Half full

Sometimes my glass is half full.  Tonight we took the kids out to dinner and I was optimistic that I would eat a bite of hot food.  My children are getting older.  They don’t require constant attention at the table.  Someone else would be serving the food.  So, it was going to happen, right?  Silly me.  I forgot that my children are drawn to public restrooms like a Kardashian to silicone. I tried to herd the cattle to the lavatory before we were seated.   They didn’t have to go.  Well, they didn’t have to go until the food arrived.  Then, my daughter whispered, “I have to go..” I finished the sentence for her “….to the bathroom, right?”   

I escorted her to the bathroom dodging waitresses carrying trays of steaming hot food.  I envied the person who would get to sink their teeth into a hot meal.  I forget what that is like.  

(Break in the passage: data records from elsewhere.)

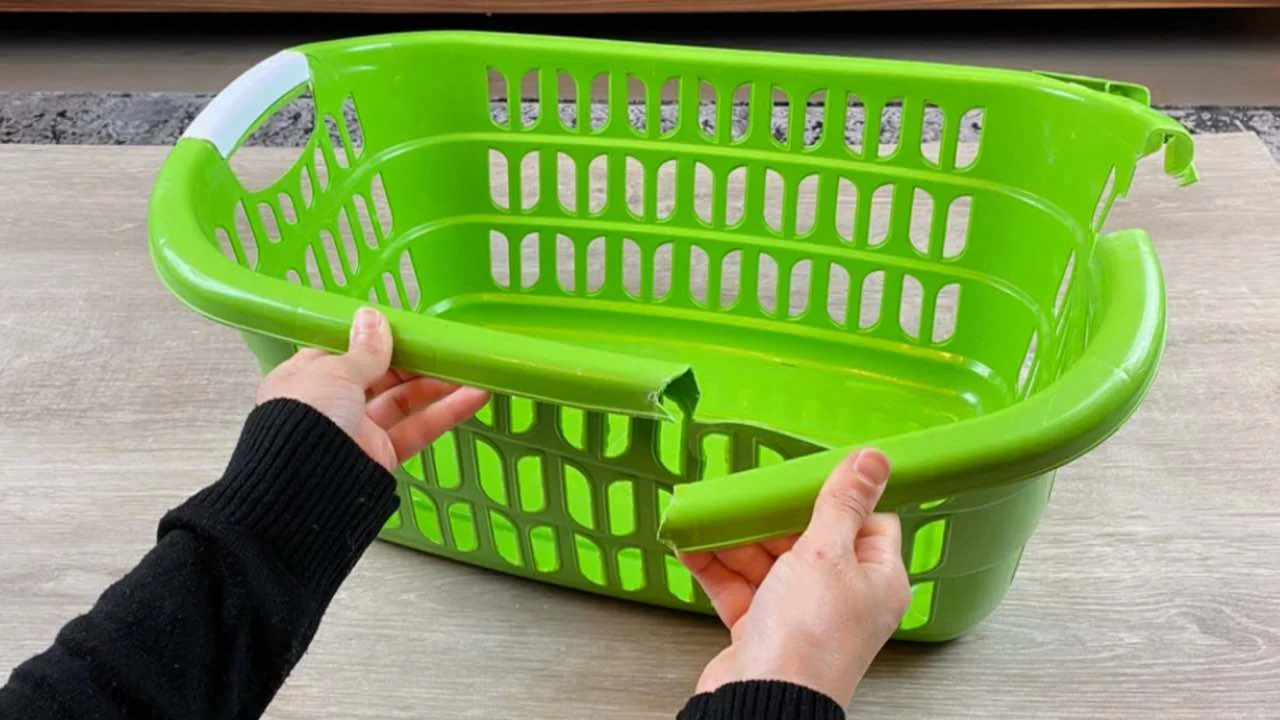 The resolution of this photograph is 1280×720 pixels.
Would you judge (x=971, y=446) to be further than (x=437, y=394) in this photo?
No

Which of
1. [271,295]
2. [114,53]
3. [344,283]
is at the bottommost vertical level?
[114,53]

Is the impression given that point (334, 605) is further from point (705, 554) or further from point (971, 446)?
point (971, 446)

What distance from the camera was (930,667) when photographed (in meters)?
0.60

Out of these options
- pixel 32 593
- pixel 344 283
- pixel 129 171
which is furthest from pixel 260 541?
pixel 129 171

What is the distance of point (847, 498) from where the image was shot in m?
0.42

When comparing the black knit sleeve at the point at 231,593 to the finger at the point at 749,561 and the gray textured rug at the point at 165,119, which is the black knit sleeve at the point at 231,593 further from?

When we got to the bathroom my daughter revealed she really had to go to the bathroom.    At five years of age she is still to young to go into the bathroom alone.  I usually wait outside the stall.  However, this time she asked if I would go in with her.  “Please Mommy!”  There was a catch.  She wanted me to turn around and face the wall.  The only thing missing was a dunce cap.  

Toilets that flush automatically are fantastic until a child is using the facility.  My daughter was doing her business when the toilet flushed.  The water splashed back on her keister.  She was disgusted and distracted.  She complained and moved causing the toilet to flush again.  She demanded,” Make it stop doing that!”  There was nothing I could do but laugh since I didn’t have my tool box to disconnect the automatic flusher. She got angrier.  I laughed harder.  The toilet flushed again.   Her discomfort wasn’t funny.  Mine was.  The toilet flushed again.   I was standing with my face to the wall of a bathroom stall while my child was getting splashed with filthy water from a public toilet.  We couldn’t leave until she finished and she couldn’t finish because it wouldn’t stop flushing.  I can only imagine what the other patrons using the facilities thought about us.  

We finally made our way back to the table.  I took one bite of my cold food and my daughter dropped her drink.  It landed under the table and on my feet.  I gave her my beverage.  She looked up at me as she took a sip.  Her beautiful blue eyes were smiling.   My glass was now half empty, but my heart was full.